Szefowa resortu funduszy i polityki regionalnej Katarzyna Pełczyńska-Nałęcz powinna bać się o swoje stanowisko – wynika z informacji Onetu. To pokłosie burzy wokół dotacji przyznanych z Krajowego Planu Odbudowy w branży hotelarsko-gastronomicznej. Szef rządu w trakcie dzisiejszej konferencji prasowej zasugerował, że rozważa dymisje w związku z tą historią.

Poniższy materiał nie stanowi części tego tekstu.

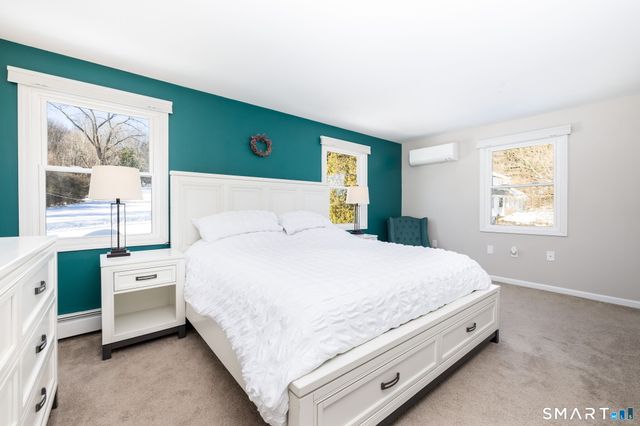 74 Tariffville Road, Bloomfield, CT 06002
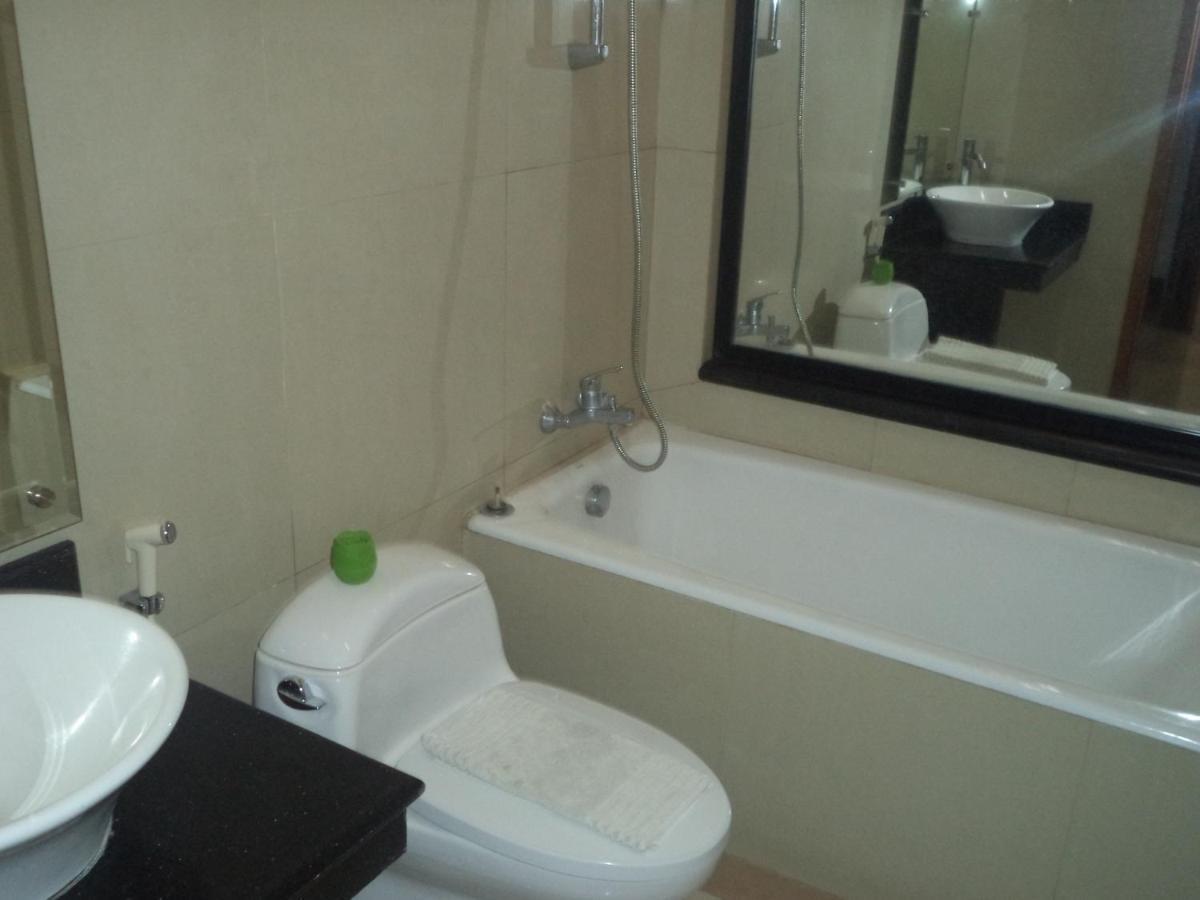 Alloro Guesthouse Pacitan Εξωτερικό φωτογραφία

Burza wokół dotacji dla branży hotelowo-gastronomicznej wybuchła rządowi jak przypadkowo odbezpieczony granat. Uderzenie jest mocne, bo odblokowanie KPO było jedną z pierwszych obietnic koalicji 15 października, gdy ta przejmowała władzę. I była to obietnica zrealizowana.
Komisja Europejska uwolniła środki dla Polski, mimo iż nasze ustawodawstwo w zakresie wymiaru sprawiedliwości nie zmieniło się nawet o jotę. Bruksela wzięła za dobrą monetę obietnicę, pomijając fakt, że nad Wisłą skończą się praktyki zmierzające do ograniczenia niezawisłości sędziów.
To, co w piątek wydawało się tylko nieporadną wrzutką PR, w weekend urosło do rozmiarów kryzysu. Mapa beneficjentów brażny HoReCa z rządowej strony KPO — z projektami od jachtów, przez sauny i meble, aż po wirtualne strzelnice — znikła z oficjalnej strony internetowej ministerstwa na długie godziny, ale w sieci żyła już własnym życiem. To wystarczyło, by wywołać wrażenie, że państwo finansuje „luksusową dywersyfikację”.
„Tusk ma ją teraz na widelcu”
W poniedziałek Donald Tusk podbił polityczną stawkę tej historii. Zapowiedział, że po wtorkowej, szczegółowej informacji minister funduszy „podejmie decyzje, jeśli trzeba — także personalne”. Jednocześnie studził emocje, mówiąc, że nie ma sygnałów o kradzieży czy korupcji, a problem dotyczy raczej „beztroskiego wydawania pieniędzy”.
Tyle że w kampanii rząd obiecywał nie tylko odblokowanie KPO, ale też żelazną kontrolę wydatków. Teraz rachunek wystawiany jest właśnie za kontrolę. I mało kto już pamięta, że to działania PiS w zakresie praworządności blokowały uruchomienie tych pieniędzy.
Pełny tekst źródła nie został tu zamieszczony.